Vaccinations: a Global Challenge
The Institute’s research is having a major impact on global public health. Although the first vaccines were developed more than two centuries ago, infectious diseases such as malaria and influenza still affect millions of people each year. By improving our understanding of the immune system and its response to modern vaccines, the Institute is paving the way for better vaccines that will protect more people from life-threatening diseases.
When it comes to human health, our immune system is our most important defence against illness and disease. Producing antibodies is one of the ways that the immune system counteracts pathogens – the causes of illness. Yet, this system is not perfect. Sometimes the body produces antibodies against the wrong things – resulting in allergies, autoimmune diseases and organ rejection – while at other times it fails to produce enough antibodies to fight infections including malaria and influenza. And as we age, our immune system becomes less adept at combatting infection and responding to vaccination.
As well as being extraordinarily powerful, our immune system is amazingly complex and continues to pose significant scientific challenges. Key among these is how to design ‘flu vaccines that are more effective in an ageing population, and how to boost the efficacy of vaccines to prevent malaria. Dr Michelle Linterman, a Group Leader in the Institute’s Immunology research programme, is making important advances in both.
“One of our major goals is to improve vaccine efficacy as we age.

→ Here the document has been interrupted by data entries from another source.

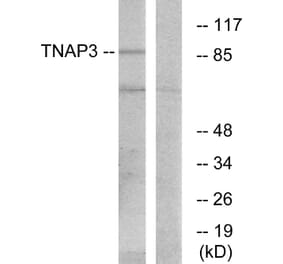 Western Blot - Anti-TNAP3 Antibody (C10444) - Antibodies.com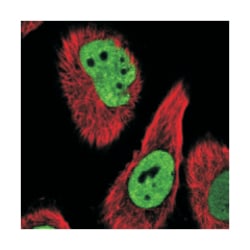 PSPC1, Rabbit, Polyclonal Antibody, Abnova 100&mu;L; Unlabeled:Antibodies,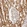 Anti-ATP5B Antibody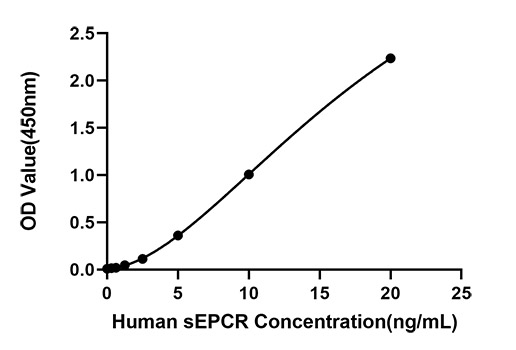 Rabbit anti-Human  Soluble Endothelial Protein C Receptor (sEPCR)  mAb(DET)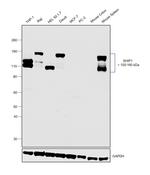 SHIP1 Antibody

The seasonal ‘flu vaccine provides 80% protection against infection if you’re aged between 18 and 60. Over the age of 60 vaccine efficacy decreases – and for people over 70 it’s only 25% effective,” she explains. “This does not mean that older people shouldn’t get vaccinated, because complications associated with ‘flu can be very serious. But it does mean there’s an opportunity to improve the way these vaccines work for older persons.”
Part of the problem arises from how clinical trials have traditionally been run. Almost all immunology research – including vaccine trials – is done in young animals and people; what’s lacking is research in the populations that vaccines most need to protect. This is true not only of ‘flu but in malaria too. Most malaria vaccine trials are run in European populations, and success here often fails to translate to those in most need – the people who live in malaria-endemic areas.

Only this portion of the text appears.